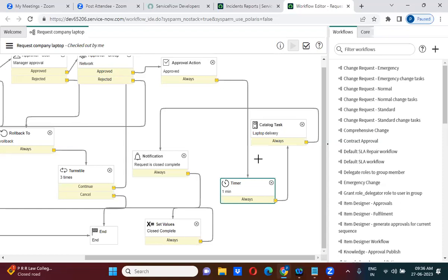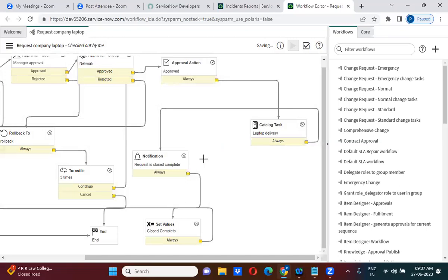The timer activity will wait for a certain period of time. I clearly specified one minute here, so it will wait for one minute before the catalog item is created. If you want to wait for one day, you can specify the duration as one day. So the timer activity is used for waiting a certain period of time. I am going to remove this timer activity — I don't want to wait; I want to directly create the catalog task.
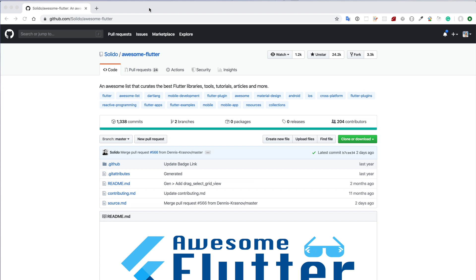Today, I'm going to tell you about Awesome Flutter, a GitHub repo that may unlock your hidden creative potential. To see this repo, please visit https://github.com/solido/awesome-flutter.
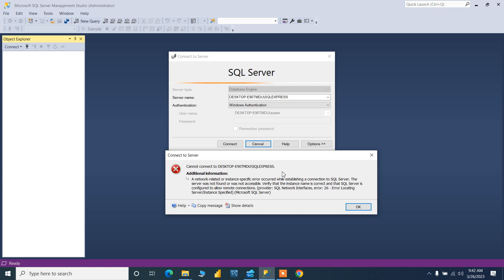You have installed SQL Server, you have installed SSMS, despite that you are getting this kind of message. I will give you the solution on how you can troubleshoot these things. It is nothing but SSMS and SQL Server are both different things.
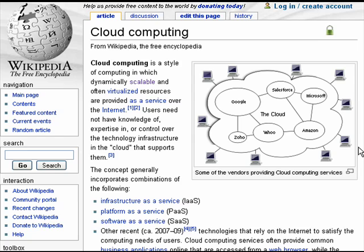Essentially, the cloud is a representation of the internet because the internet is kind of an abstract concept.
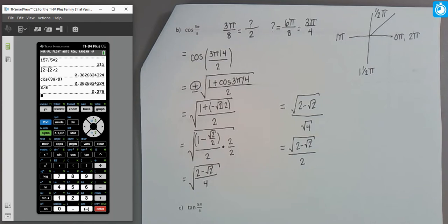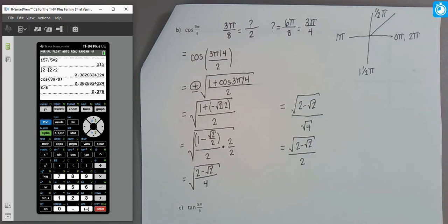Just like with sum and difference formulas, many answers seem to repeat — this isn't surprising since trig functions are periodic and we see many repeated values like root 2 over 2 and root 3 over 2 around the unit circle. Using these special formulas naturally produces similar repeated results.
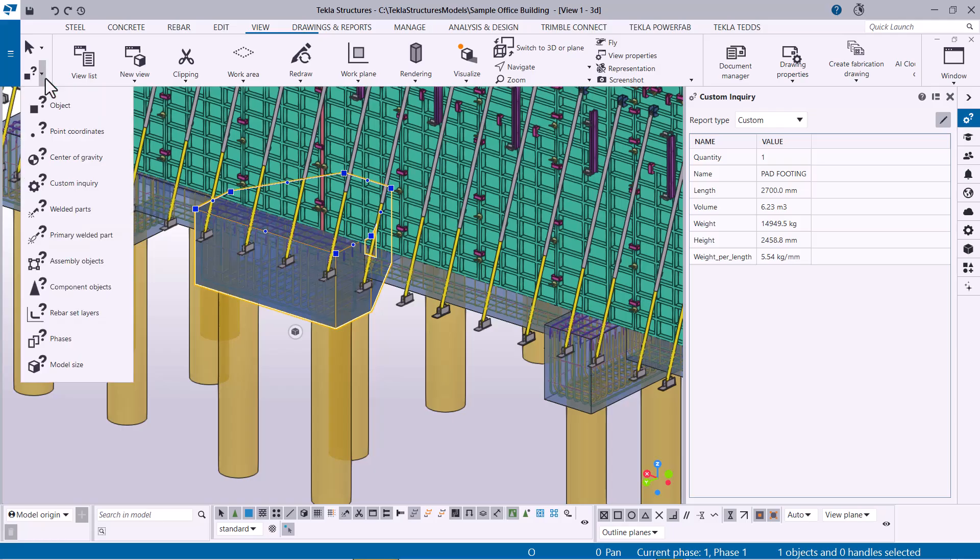Tekla Structures also contains several other commands for inquiring object properties, allowing you to explore and analyze your model in greater depth.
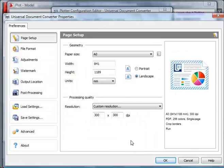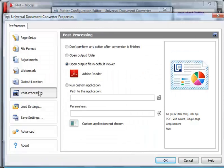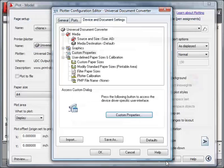Click Post Processing and check Open Output Folder. Click OK to apply the settings.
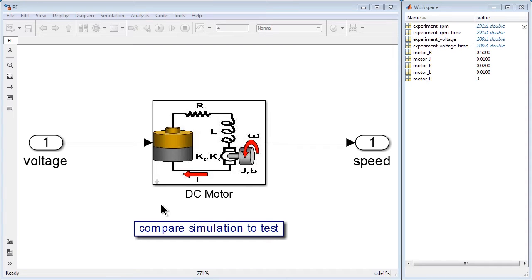In this video, you will see how to estimate parameters of a Simulink model from test data.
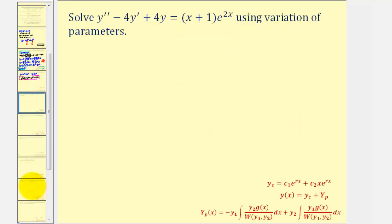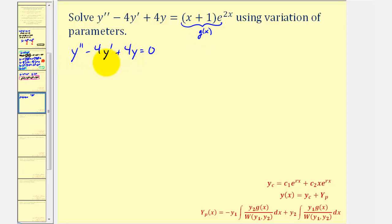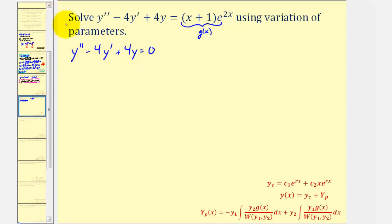Let's take a look at our example. The first thing to recognize is that we have a linear second order non-homogeneous differential equation. So we'll begin by solving the corresponding homogeneous differential equation, which would be y double prime minus four y prime plus four y equals zero. The function on the right would be g of x. Because we have constant coefficients, we can solve this using a characteristic equation where a is equal to one, b is equal to negative four, and c is equal to positive four.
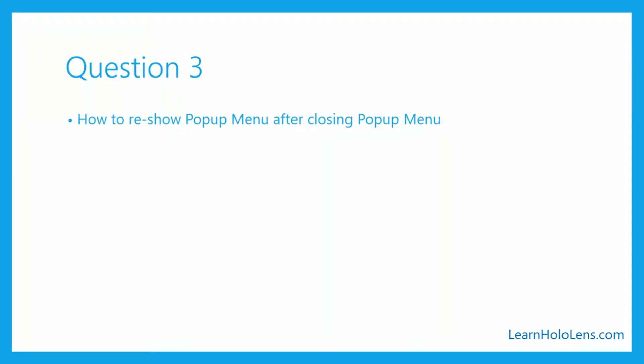So the third question is how to reshow pop-up menus after closing the pop-up menu. This is in reference to the Gaze and Gesture Masterclass that I did in December. I thought it should just work. What's the problem? Why isn't that working?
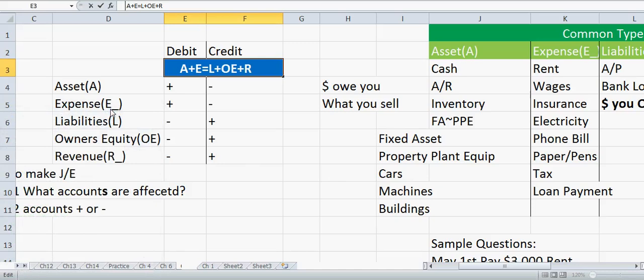Today we're going to talk about the accounting equation and common types of accounts. The accounting equation is A + E = L + OE + R. These abbreviations stand for Asset, Expense, Liabilities, Owner's Equity, and Revenue. If you know this accounting equation, you'll know whether you should debit or credit an account.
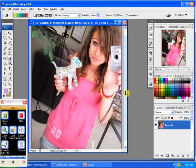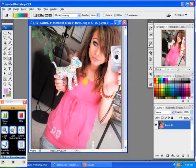Hi, I'm Mary from AT&TLayoffs.com, and this is a tutorial on gradients on Photoshop CS3.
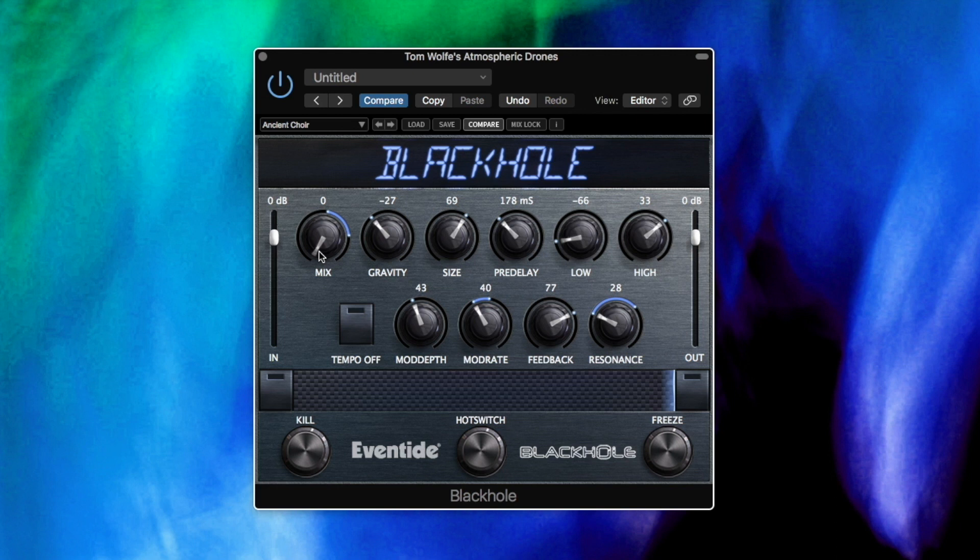Whether it's analog synths, software synths or samples, this set can take them to the next level and create the perfect foundation to build your compositions on. So let's get started, I'll be back at the end.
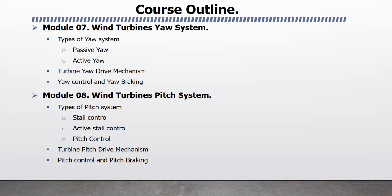Module 8 Wind Turbines Pitch System. In this module, I will explain Types of Pitch System like Stall Control, Active Stall Control, Pitch Control, Turbine Pitch Drive Mechanism, and Pitch Control and Pitch Braking.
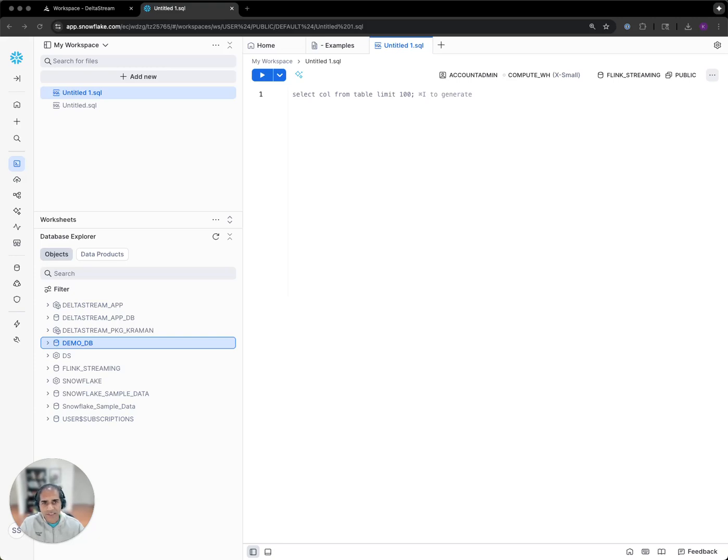Hi, I'm Krishna, Engineering Lead here at DeltaStream. Today, I would like to walk you through our new Snowflake native application.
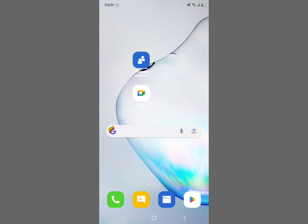Pretty simple — you've actually disabled Samsung Free from being seen whenever you swipe right on your Samsung home screen. Subscribe to the channel for more videos and hit the like button if this helped you.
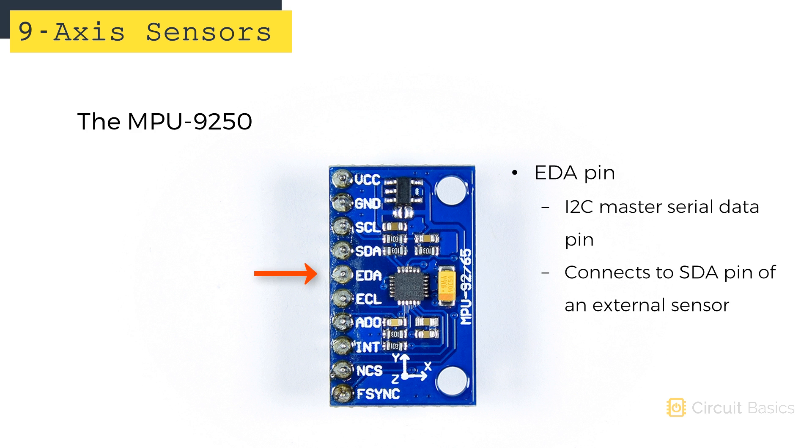The MPU-9250 can be set up as an I2C master device where it can receive and output data from another external sensor. The EDA pin here is the I2C master serial data pin, which would connect to the SDA pin of that external sensor.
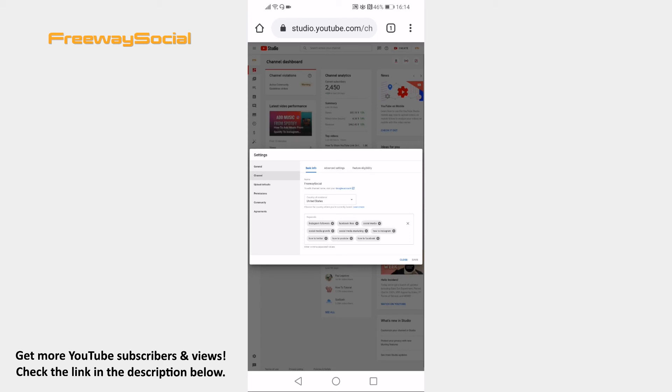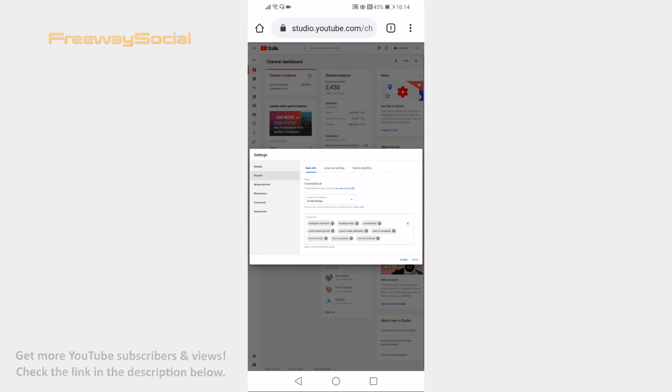Now your channel and its videos will have higher rankings in YouTube search for these keywords. That's it for this video. I hope this guide was helpful and you were able to add YouTube channel main keywords for SEO on mobile. Don't forget to like this video and visit us at FreewaySocial.com.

◆ ◆ ◆

# Task to carry out
The material above is to be transcribed exactly, with all pictures omitted.

# Answer box
The timer activity will wait for a certain period of time. I clearly specified one minute here, so it will wait for one minute before the catalog item is created. If you want to wait for one day, you can specify the duration as one day. So the timer activity is used for waiting a certain period of time. I am going to remove this timer activity — I don't want to wait; I want to directly create the catalog task.
Today, I'm going to tell you about Awesome Flutter, a GitHub repo that may unlock your hidden creative potential. To see this repo, please visit https://github.com/solido/awesome-flutter.
You have installed SQL Server, you have installed SSMS, despite that you are getting this kind of message. I will give you the solution on how you can troubleshoot these things. It is nothing but SSMS and SQL Server are both different things.
Essentially, the cloud is a representation of the internet because the internet is kind of an abstract concept.
Just like with sum and difference formulas, many answers seem to repeat — this isn't surprising since trig functions are periodic and we see many repeated values like root 2 over 2 and root 3 over 2 around the unit circle. Using these special formulas naturally produces similar repeated results.
Tekla Structures also contains several other commands for inquiring object properties, allowing you to explore and analyze your model in greater depth.
Click Post Processing and check Open Output Folder. Click OK to apply the settings.
In this video, you will see how to estimate parameters of a Simulink model from test data.
Let's take a look at our example. The first thing to recognize is that we have a linear second order non-homogeneous differential equation. So we'll begin by solving the corresponding homogeneous differential equation, which would be y double prime minus four y prime plus four y equals zero. The function on the right would be g of x. Because we have constant coefficients, we can solve this using a characteristic equation where a is equal to one, b is equal to negative four, and c is equal to positive four.
So the third question is how to reshow pop-up menus after closing the pop-up menu. This is in reference to the Gaze and Gesture Masterclass that I did in December. I thought it should just work. What's the problem? Why isn't that working?
Today we're going to talk about the accounting equation and common types of accounts. The accounting equation is A + E = L + OE + R. These abbreviations stand for Asset, Expense, Liabilities, Owner's Equity, and Revenue. If you know this accounting equation, you'll know whether you should debit or credit an account.
Hi, I'm Mary from AT&TLayoffs.com, and this is a tutorial on gradients on Photoshop CS3.
Whether it's analog synths, software synths or samples, this set can take them to the next level and create the perfect foundation to build your compositions on. So let's get started, I'll be back at the end.
Module 8 Wind Turbines Pitch System. In this module, I will explain Types of Pitch System like Stall Control, Active Stall Control, Pitch Control, Turbine Pitch Drive Mechanism, and Pitch Control and Pitch Braking.
Hi, I'm Krishna, Engineering Lead here at DeltaStream. Today, I would like to walk you through our new Snowflake native application.
Pretty simple — you've actually disabled Samsung Free from being seen whenever you swipe right on your Samsung home screen. Subscribe to the channel for more videos and hit the like button if this helped you.
The MPU-9250 can be set up as an I2C master device where it can receive and output data from another external sensor. The EDA pin here is the I2C master serial data pin, which would connect to the SDA pin of that external sensor.
Now your channel and its videos will have higher rankings in YouTube search for these keywords. That's it for this video. I hope this guide was helpful and you were able to add YouTube channel main keywords for SEO on mobile. Don't forget to like this video and visit us at FreewaySocial.com.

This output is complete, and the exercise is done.